<= 2004.10.15

2004.10.19 =>

starry vere

Well, I'm certainly not going to talk about how my first real paper that is not a sort of practice report is due tomorrow, how the argument is unclear and may in fact contain several buried crypto-arguments, none of which are sufficiently justified, how my ability to say anything new or relevant about Joseph Andrews seems somewhat questionable, how culling it down to seven pages is a Herculean task in itself as I could easily go on for twenty pages about all this without actually getting anywhere, how actually typing out the sentences is unexpectedly onerous and requires the surmounting of an enormous inhibition threshold because I am looking at each word, phrase, syntactical unit through the eyes of the professor and finding it puerile, pompous, wanting—

Well, I'm certainly not going to talk about that.

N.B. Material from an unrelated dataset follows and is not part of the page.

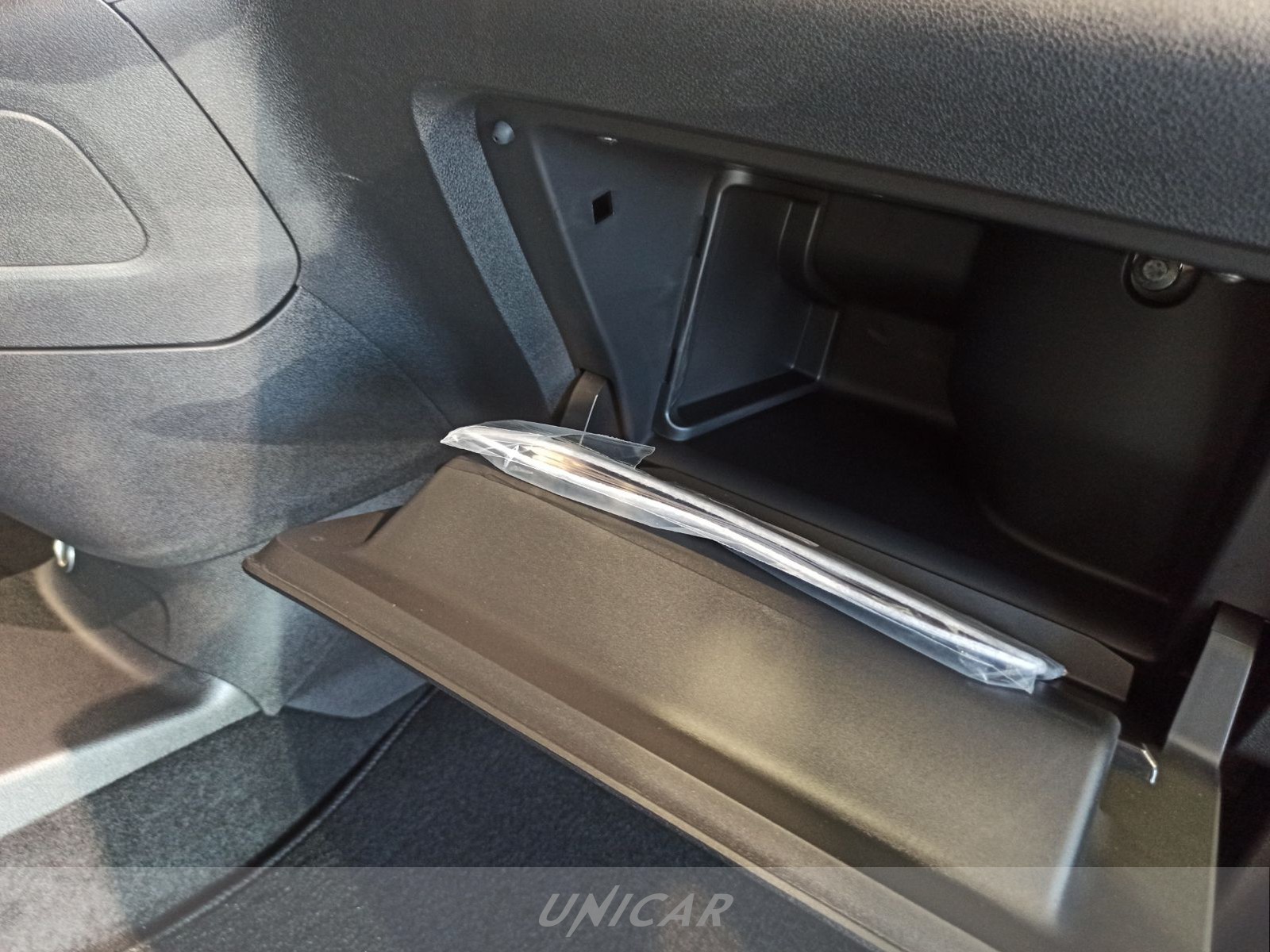 UNICAR Opel Combo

R.E.M., Greek Theater, Fri 15 Oct. Everyone seems to agree that the new record is a sanded-off, adult-contemporary version of R.E.M., and certainly the new songs were not very exciting, but they played enough oldies to keep me happy. Especially since we were again using the expedient of camping out on the hill behind the auditorium in order to hear and "see" the show for free. I got "These Days," J. got "Cuyahoga," everyone got a few between-song speeches from Michael Stipe that seemed to have political content, though it wasn't clear where he was going with it. I suppose he didn't think Berkeley needed any convincing.

Billy Budd by Benjamin Britten, San Francisco Opera, Sun 17 Oct. Winston Churchill once described the Royal Navy as "rum, sodomy, and the lash," and indeed the gay theme was prominent enough to be completely obvious to us, while just eqiuvocal enough that your average retiree operagoer might have been able to convince himself or herself that something else was going on. I'm told that it's present enough in the Melville text as well, which I'll buy—I haven't read it in ten years, and I certainly didn't get it at all when I was seventeen. "Why is Claggart so angry? Why does he keep talking about how handsome Billy is? It doesn't make any sense!" The libretto was not very subtle about the good/evil distinction (as I recall, neither was Melville) but the music was simply glorious, and can those men ever sing. The three main soloists were all superb, but I must also praise the chorus of "sailors, powder-monkeys, etc." whose massed voices sounded like avenging angels, and whose choreography was by turns inspiring and terrifying. Heave ho, me lads.